Web page caption snippets:
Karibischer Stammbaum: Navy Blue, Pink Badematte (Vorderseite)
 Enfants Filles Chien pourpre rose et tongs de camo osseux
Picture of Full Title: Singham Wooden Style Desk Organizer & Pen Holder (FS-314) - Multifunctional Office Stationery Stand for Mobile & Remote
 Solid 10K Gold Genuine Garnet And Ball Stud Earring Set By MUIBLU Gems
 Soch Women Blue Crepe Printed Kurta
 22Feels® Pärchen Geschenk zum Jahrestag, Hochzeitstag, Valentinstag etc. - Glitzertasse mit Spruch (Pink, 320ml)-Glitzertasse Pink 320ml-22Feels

TASK OBJECTIVE:
Report every line of the data in which "Pink" appears.

ANSWER SPACE:
Karibischer Stammbaum: Navy Blue, Pink Badematte (Vorderseite)
 22Feels® Pärchen Geschenk zum Jahrestag, Hochzeitstag, Valentinstag etc. - Glitzertasse mit Spruch (Pink, 320ml)-Glitzertasse Pink 320ml-22Feels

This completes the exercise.